One of the most interesting passages relates to the so-called “Darien Scheme,” which was the Kingdom of Scotland’s attempt to colonize the Gulf of Darién in what is today’s Panama. The Scots came equipped with a printing press and plenty of woolen socks but no earthly idea how to deal with gazillions of mosquitos that promptly wiped the colonists out. The financial hit to the Kingdom was so severe that the Scotts agreed to join forces with the English, thus forming what is today the United Kingdom of Great Britain (England, Scotland, and Wales) and Northern Ireland.

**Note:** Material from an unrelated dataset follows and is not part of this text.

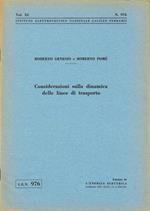 Considerazioni sulla dinamica delle linee di trasporto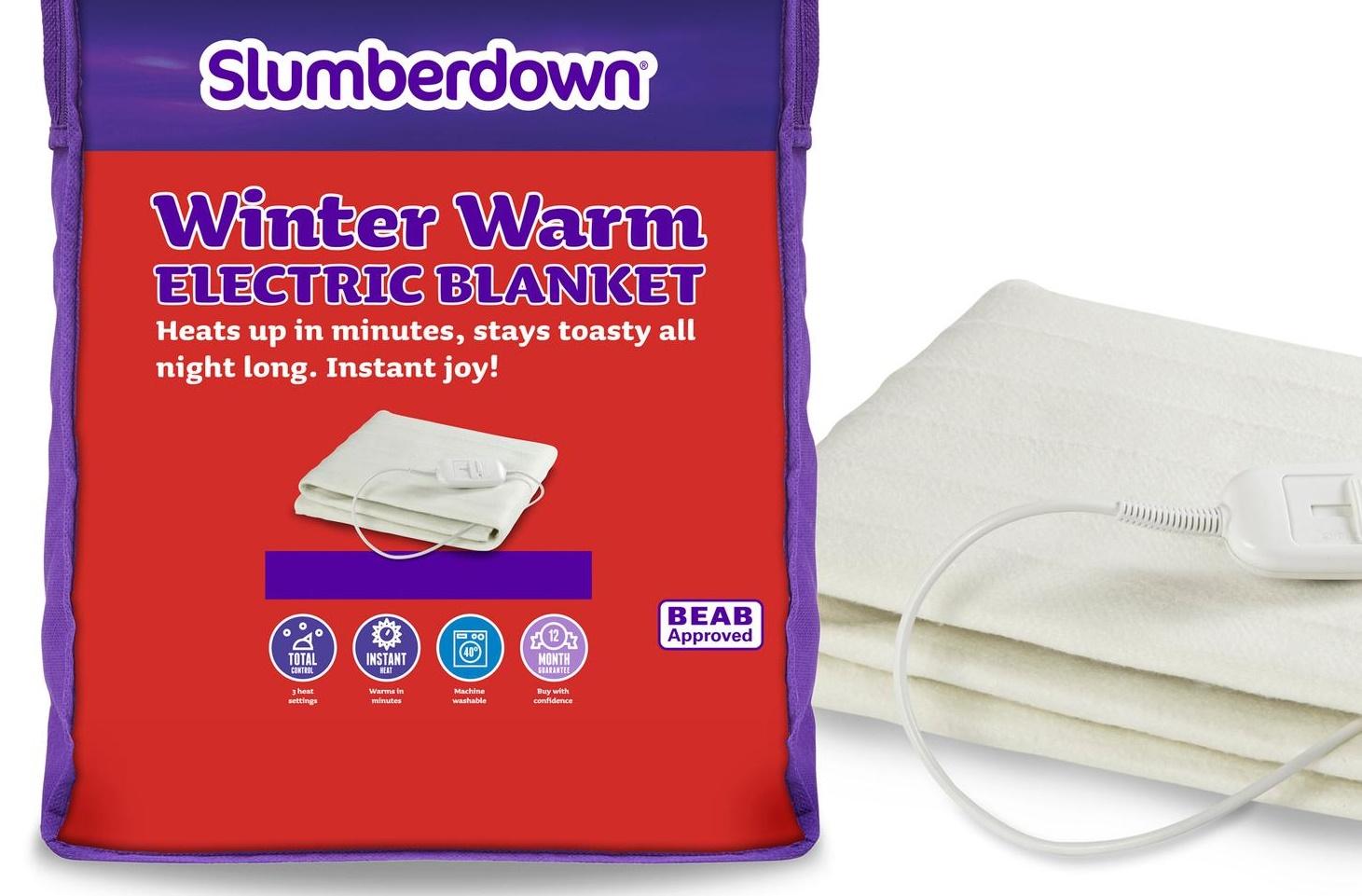 Slumberdown Winter Warm Electric Blanket, 100 Polyester, White, Double Amazon.co.uk Kitchen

Malaria, the most common disease spread by the mosquito, is a thing of the past in much of the developed world, but the parasite still infects some 200 million people a year – killing 400,000. Children aged under the age of five are most susceptible to malaria, accounting for a majority of the fatalities worldwide. In addition to the human suffering, malaria imposes huge economic costs on some of the poorest countries in the world – nine percent of the gross domestic product in Chad, for example.
Mercifully, our most ancient enemy may have met its match. The COVID-19 pandemic sucked so much air out of the news cycle that relatively few people noted the emergence of an amazing new malaria vaccine. The injection infects people with “live Plasmodium falciparum parasites, along with drugs to kill any parasites that reached the liver or bloodstream, where they can cause malaria symptoms.” According to Nature magazine, “the vaccination protected 87.5 percent of participants who were infected after three months with the same strain of parasite that was used in the inoculation, and 77.8 percent of those who were infected with a different strain.”
In our book, Ten Global Trends Every Smart Person Should Know: And Many Others You Will Find Interesting, Ronald Bailey and I noted that thanks to better treatments and preventive measures, the malaria death rate dropped from 12.6 per 100,000 in 1990 to 8.2 per 100,000 in 2017. That incremental progress is encouraging, but we very much look forward to the day when the malaria death rate stands at zero and the disease joins the other illnesses humanity has either extinguished or contained. Last year may have been a miserable one, but it appears to have delivered not one but two important vaccines. Surely that’s something for which we should be grateful.